Presiden Prabowo Subianto Bahas Situasi Ekonomi Nasional di Tengah Ketegangan Timur Tengah

Prabowo Subianto dijadwalkan menggelar rapat kerja pemerintah bersama jajaran Kabinet Merah Putih di halaman tengah Istana Kepresidenan pada Rabu, 8 April 2026.

Rapat kerja tersebut akan dihadiri seluruh menteri kabinet serta sejumlah pejabat tinggi pemerintah. Hal ini disampaikan oleh Teddy Indra Wijaya saat dikonfirmasi terkait agenda kegiatan tersebut.

“Pukul 14.00 di Istana, (dihadiri) seluruh Kabinet Merah Putih,” ujar Teddy, Rabu.

Libatkan pejabat eselon I dan pimpinan BUMN

Selain para menteri, rapat kerja pemerintah ini juga akan melibatkan pejabat eselon I dari berbagai kementerian. Mereka meliputi direktur jenderal, deputi, hingga pejabat setingkat direktur utama dari sejumlah badan usaha milik negara (BUMN).

Namun, Teddy belum merinci secara detail agenda yang akan dibahas dalam pertemuan tersebut, termasuk apakah akan ada taklimat khusus yang disampaikan langsung oleh Presiden Prabowo kepada seluruh peserta rapat.

Sebelumnya, Airlangga Hartarto juga telah mengungkapkan rencana penyelenggaraan rapat kerja pemerintah tersebut.

Airlangga menyampaikan informasi itu setelah mengikuti rapat terbatas yang digelar pada Selasa, 7 April 2026.

“Besok akan ada acara dengan para menteri dan pejabat di kementerian,” kata Airlangga.

Bahas kondisi perekonomian dan dinamika global

Airlangga menjelaskan bahwa rapat terbatas sebelumnya juga membahas persiapan agenda rapat kerja pemerintah tersebut.
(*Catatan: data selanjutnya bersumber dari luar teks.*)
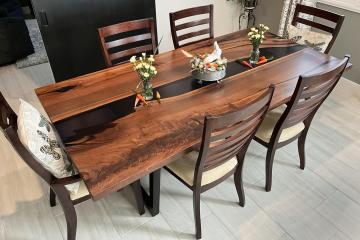 Walnut Dining Table With Translucent Epoxy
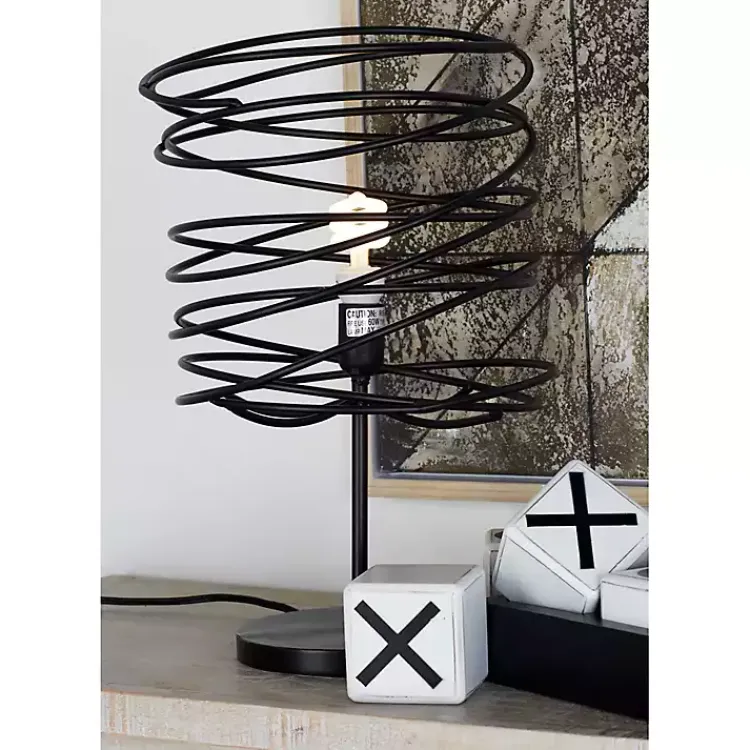 Table Lamps-Kirklands Home Metal Swirl Table Lamp Black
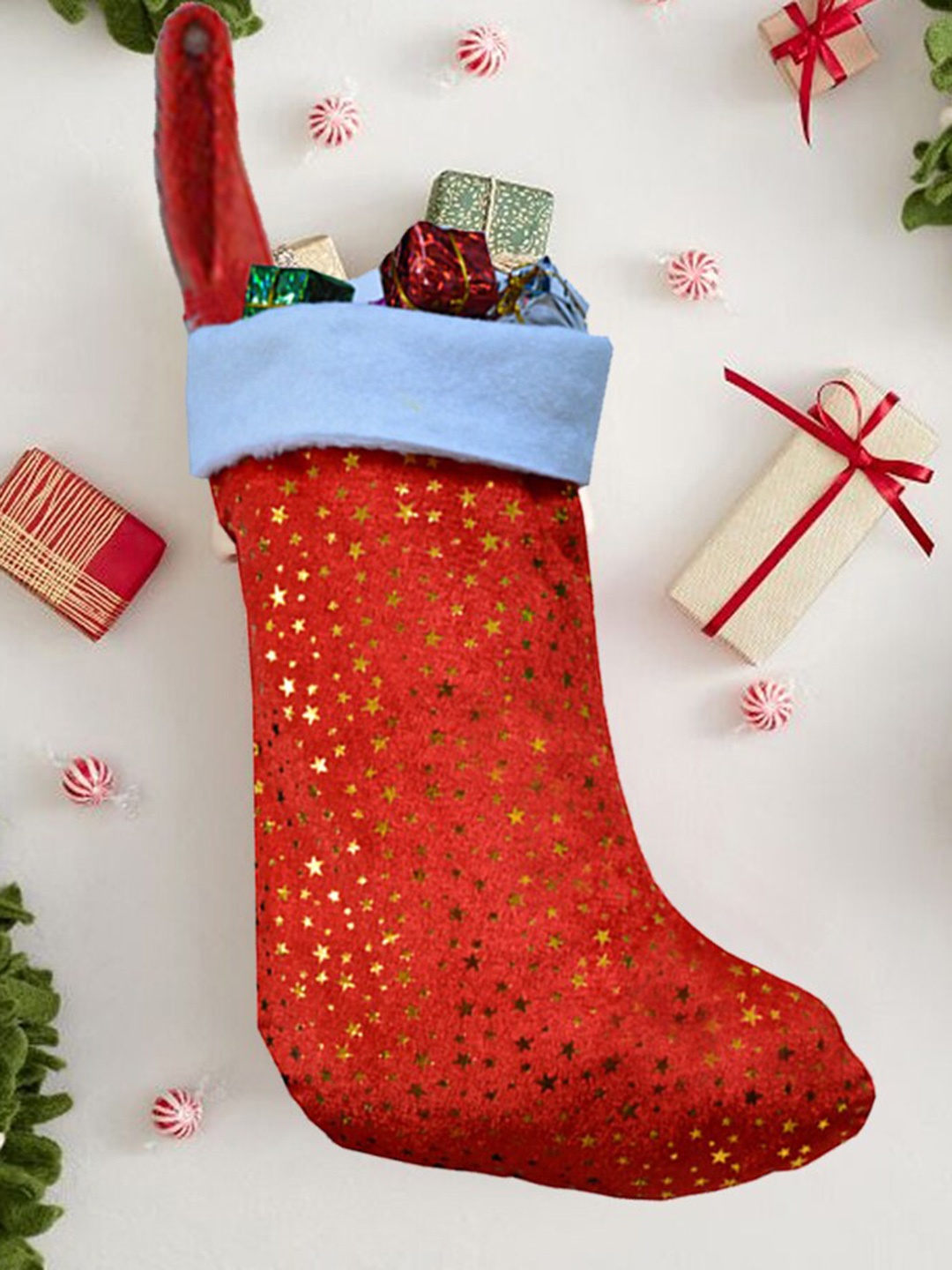 

ME & YOU Red & White Printed Decorative Christmas Hanging Stockings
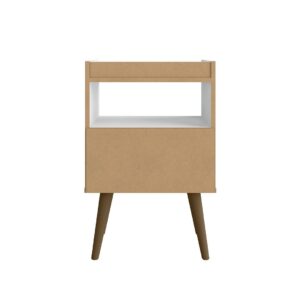 Manhattan Comfort Bogart Mid-Century Modern Nightstand in White and Nature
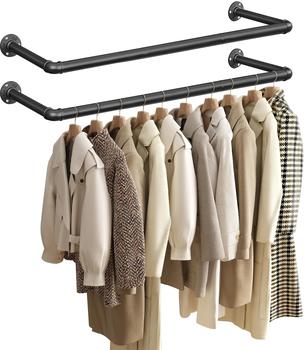 Songmics Wandgarderobe HSR67BK02, 92x7,5cm Kleiderstange, schwarz 2 Stück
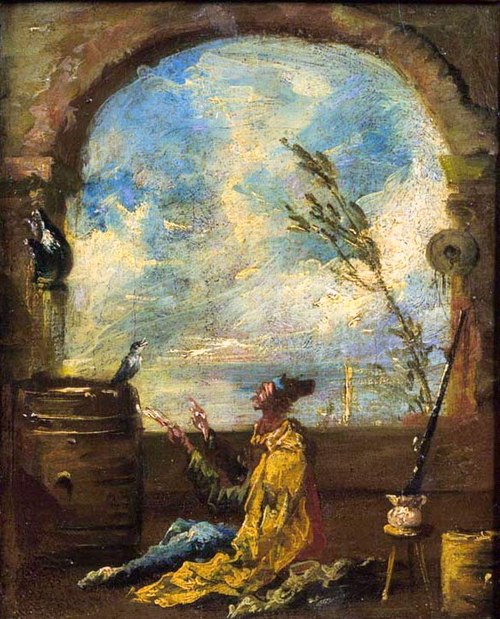 The Poet and the Bird, 1710, Alessandro Magnasco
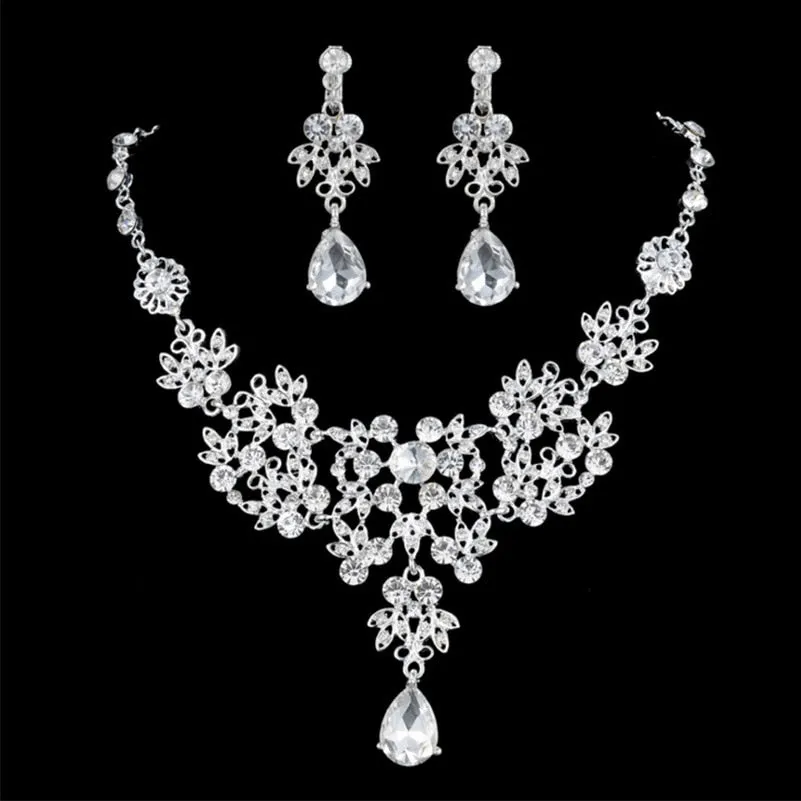 Princesa Crystal Tiaras and Jewelry Sets in Assorted Colors with Rhinestone Earrings with Necklace 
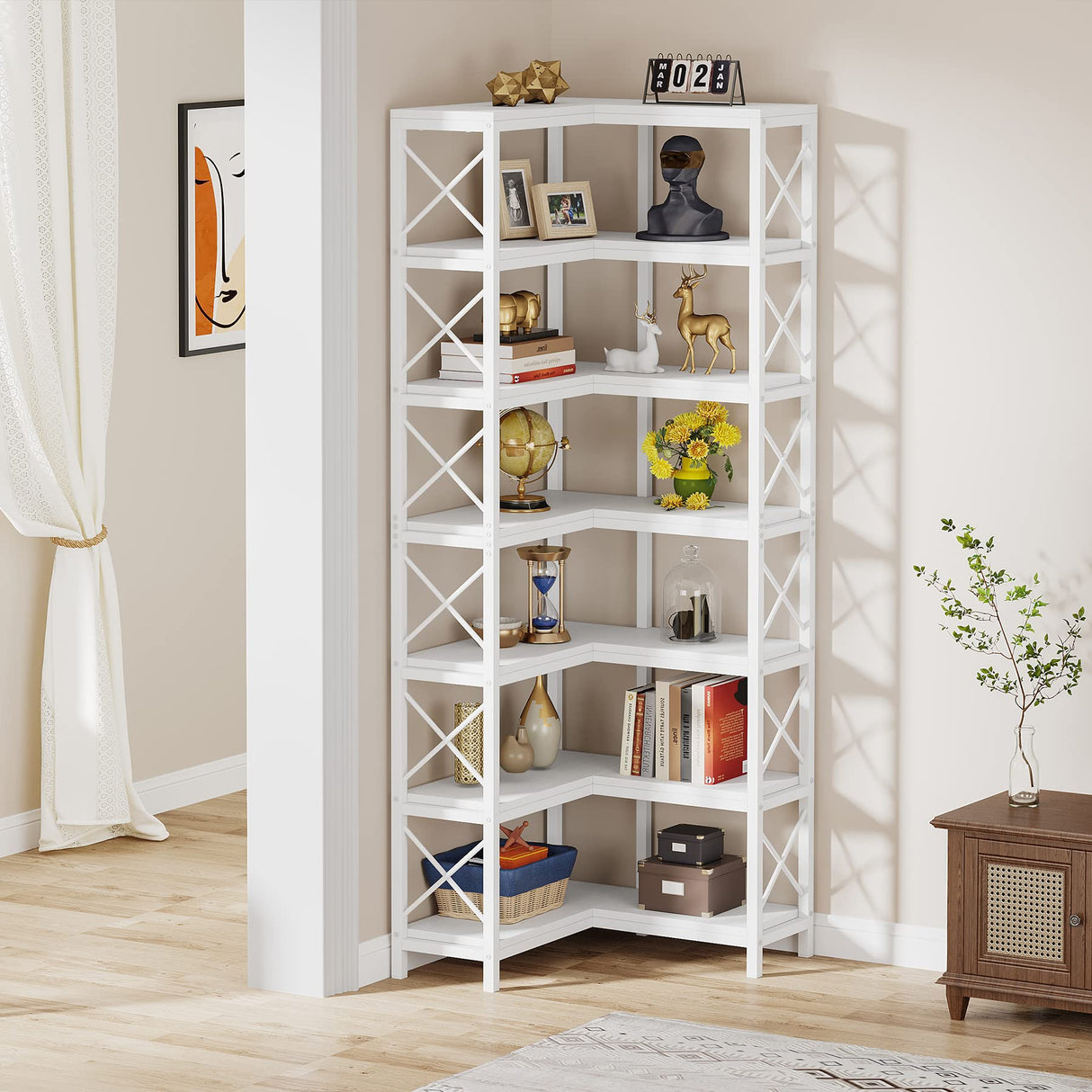 LITTLE TREE 7-Shelf Corner Bookshelf Modern Corner Bookcase Corner Shelf for Living Room Home Office, White LITTLE TREE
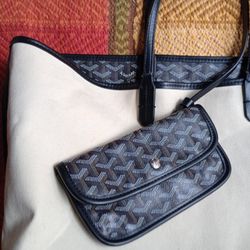 RARE Vtg 2007 Authentic Goyard Black Saint Louis GM Tote Bag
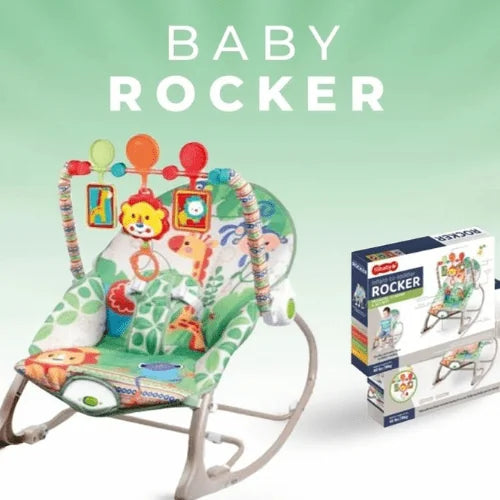 Musical Infant To Toddler Animal Design Rocker - Green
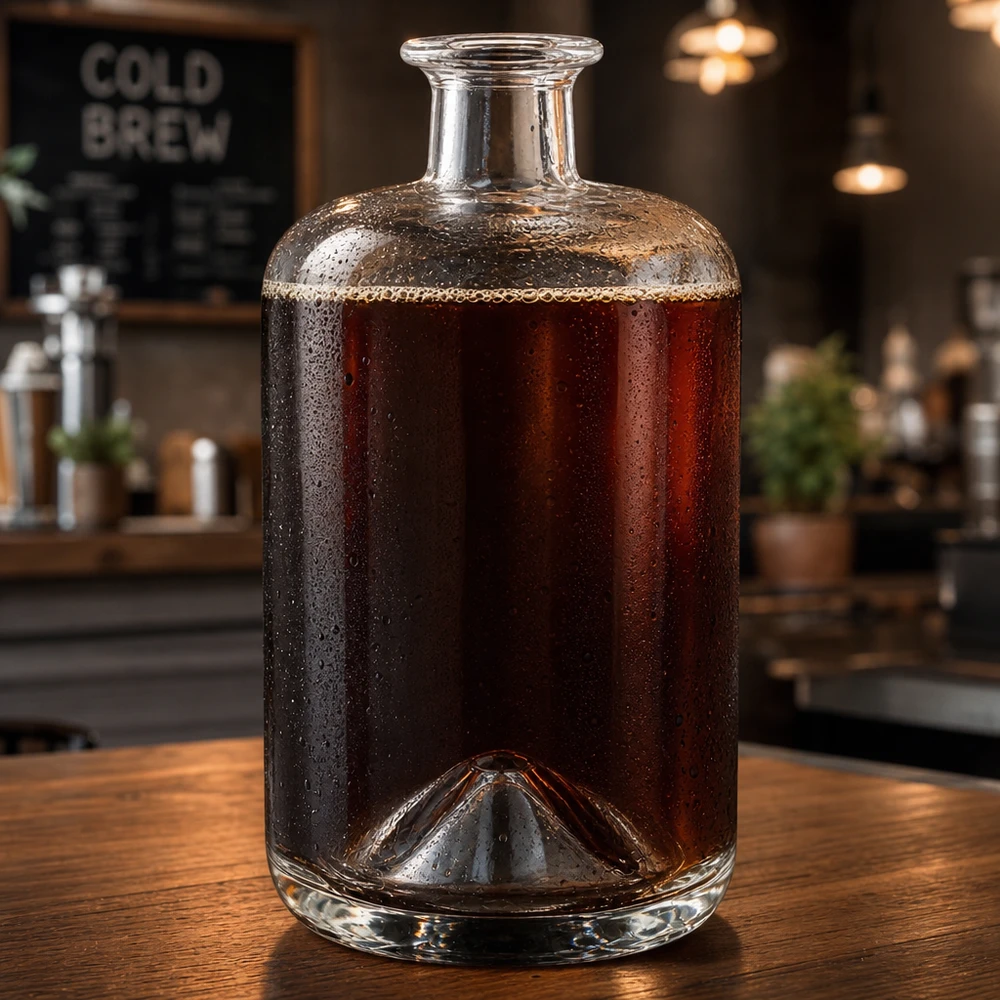 700ml Apothekenflasche "Classic" ohne Verschluss UNiTWIST® Glasflasche Sofia 700ml mit Cold Brew Kaffee befüllt in Café-Atmosphäre zeigt vielseitige Getränke-Verwendung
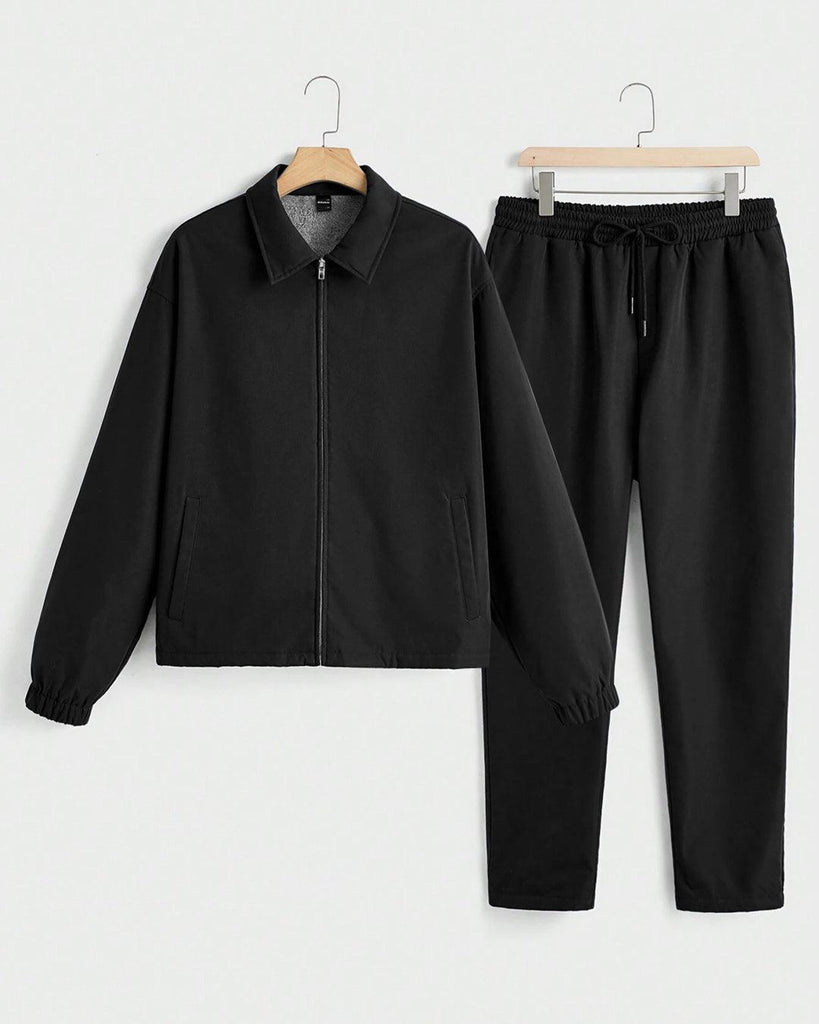 cdcc1952e7494d733a151ad6283577c3_1024x1024.jpg Men Stand Collar Long Sleeve Slim Fit Jacket And Pant In Black - Image 1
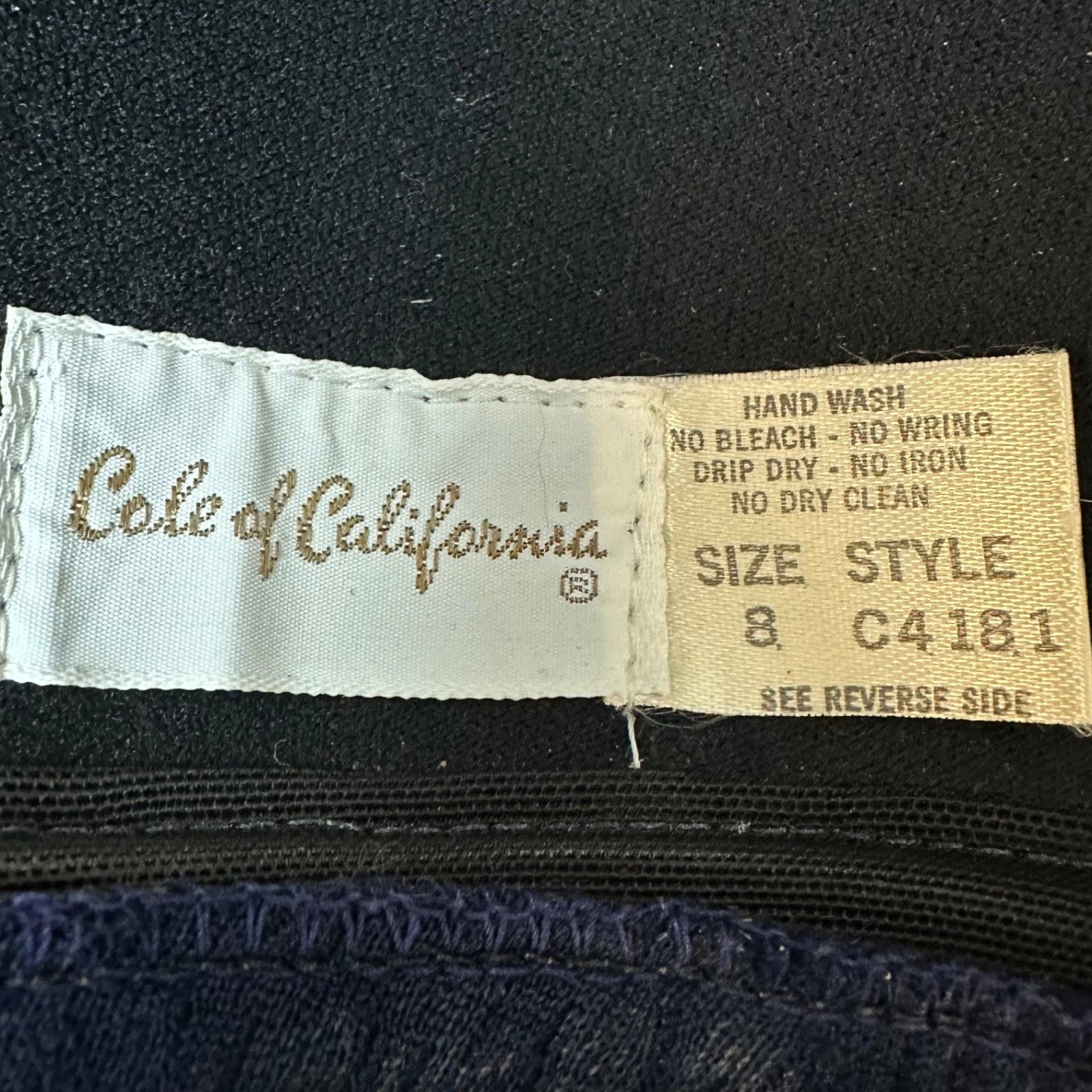 Vintage Cole of California Navy Blue White Trim Two Piece Swimsuit Size 8 C4181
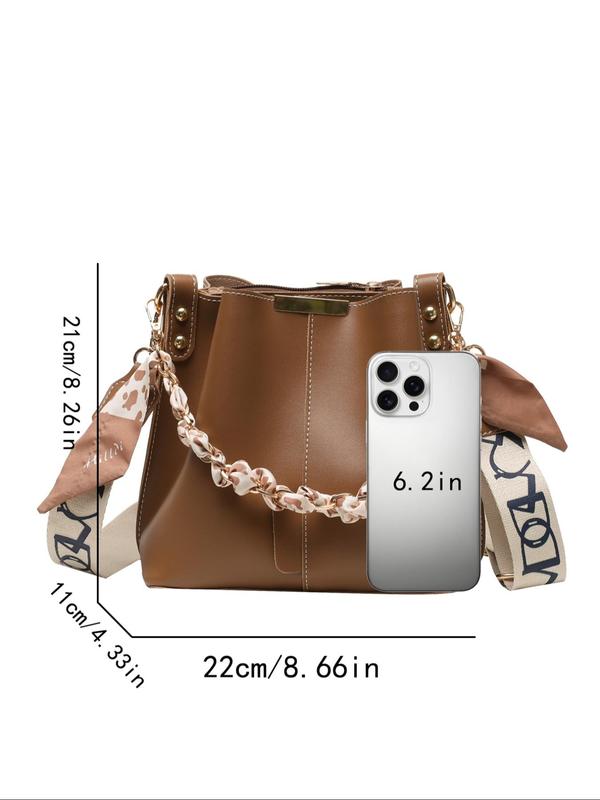 Women's Elegant Letter Pattern Bucket Bag, Fashionable PU Leather Crossbody Bag with Ribbon, Casual Trendy Versatile High-quality Daily Commuting Bag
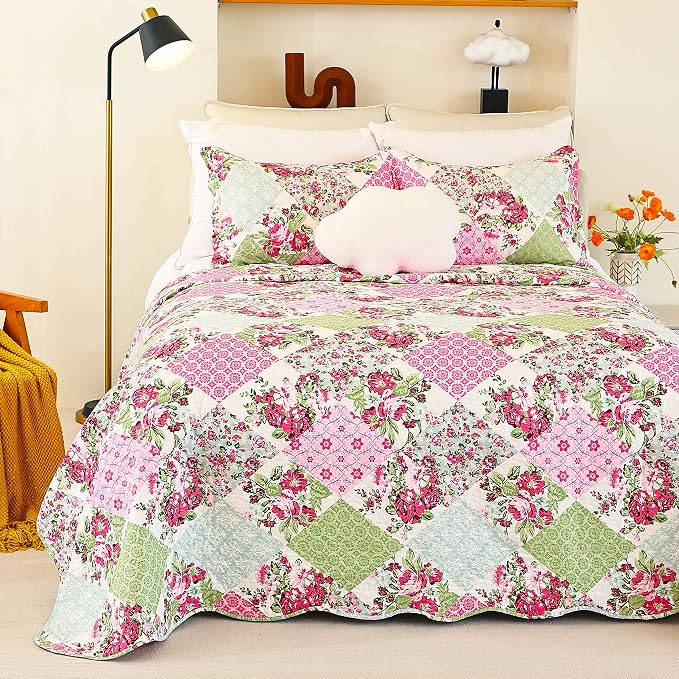 Cmfshape Summer Floral Queen Quilted Bedspread, Romantic Pink Quilt Set Bedding - Image 2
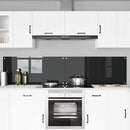 vidaXL Konyhai splashback 2 pcs Fekete 110 x 50 cm edzett üveg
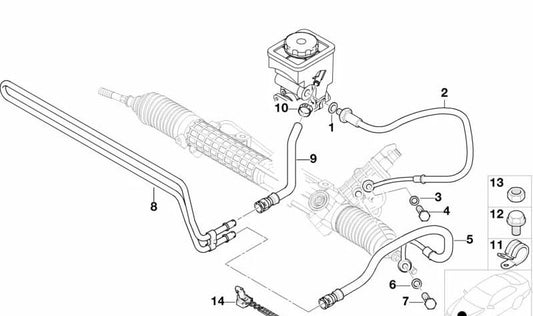 Manguera de presión para BMW Serie 7 E38 (OEM 32411095728). Original BMW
Dalam kesempatan itu, ia dijadwalkan memberikan paparan mengenai kondisi perekonomian nasional.

Paparan tersebut akan menyoroti perkembangan ekonomi dalam negeri, terutama di tengah meningkatnya dinamika geopolitik global, termasuk ketegangan yang terjadi di kawasan Timur Tengah.

Menurut Airlangga, forum rapat kerja pemerintah ini menjadi momentum penting bagi jajaran kabinet dan pejabat kementerian untuk menyamakan persepsi serta memperkuat koordinasi dalam menghadapi berbagai tantangan ekonomi dan geopolitik yang berkembang.